We’ve seen now both the Republican and Democrat versions of how to do health care reform. What’s to like from either side?
The Democrat version goes like this: draft a hugely transformative bill behind doors, then declare before the vote that “It’s going to be very, very exciting” but you’ll have to “pass the bill so you can find out what’s in it”. Then, ram the bill through both houses of Congress on black-and-white 100% party-line votes.
The Republican version goes like this: vote more than fifty times in the House to repeal or amend Obamacare. Run on ‘repeal and replace’ in the 2018 campaign and win both houses of Congress and the Presidency. Draft a hugely transformative reform bill behind closed doors, fail to get agreement within your own party, and finally give up and withdraw the bill before it comes to a vote.
Which approach do you prefer? I vote ‘none of the above’. Health care is 17% of national GDP and important to every one of us on a very personal level, but both political parties chose to craft solutions behind closed doors and then pass (or try to pass) largely unexamined legislation with no votes from the other party. America deserves better.
We deserve to not have to endure a health care system cobbled together in secret by politicians in an atmosphere of political extremism, whether left or right.
We deserve the chance to look at alternatives. There are national health care systems actually in place and working in places like Japan, Switzerland and France. Identify which features work in these systems and which don’t, and what the actual costs are. Look around at the choices and ‘kick the tires’. There must be at least three or four quality national health care systems already up and running that are worth mining for ideas. Some systems have been in place for decades. Consider the UK: the NHS began operation in 1948. That’s nearly seventy years of experience – the good, the bad, and the ugly. Why re-invent the wheel?
We deserve the chance to see what happens when the largest stakeholders in the US, actual experts – not politicians, sit down together and create a plan. For example imagine that three parties: doctors, insurance companies, and elected officials created a plan they could all agree to. Give them a deadline: six months to sit together, negotiate, and share ideas. They might come up with an interesting and worthwhile proposal.
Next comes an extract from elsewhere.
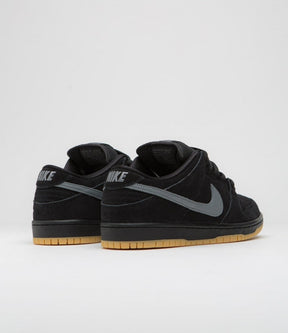 Nikee sb dunk low pro fog shoes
We deserve the opportunity to examine and react to specific proposals. Imagine if Congress and the President submitted two or three competing proposals to a nationwide debate and referendum. It would not be binding since the Constitution has no provision for initiative and referendum votes; but we deserve the right to look at competing proposals over a reasonable period of time, hear discussion, and make a reasoned choice between alternatives.
The bottom line
Here’s my proposal:
First, hire a management consulting firm, someone like McKinsey & Company, to create a report detailing the principal features, advantages, and disadvantages of the health care systems in Canada, France, and Japan. Almost all of this information is already public and I think you can give them six months and $250,000 to get the work done. (Really, this is work that is probably already done by some college student as their senior thesis. It is not rocket science.) Their report will be public, and it will be analyzed up and down and shredded to bits, but it’s just a starting point by way of clarifying that there’s a wealth of prior examples and experience to draw from.
Then, craft two or three competing proposals. Where do the proposals come from? My suggestion: one from the doctors (the American Medical Association) and one from the insurance companies (Health Insurance Association of America). If that’s too hard for some reason, then ask the Democratic and Republican members of the House create competing proposals. Have the proposals scored by the CBO. Put the proposals out for debate and add an item to the ballot in the next Congressional election – these votes occur every other year. Let people examine the proposals, debate, and choose from the alternatives.
No more hastily-crafted, top secret, politicized, take-it-or-leave-it proposals. We deserve better.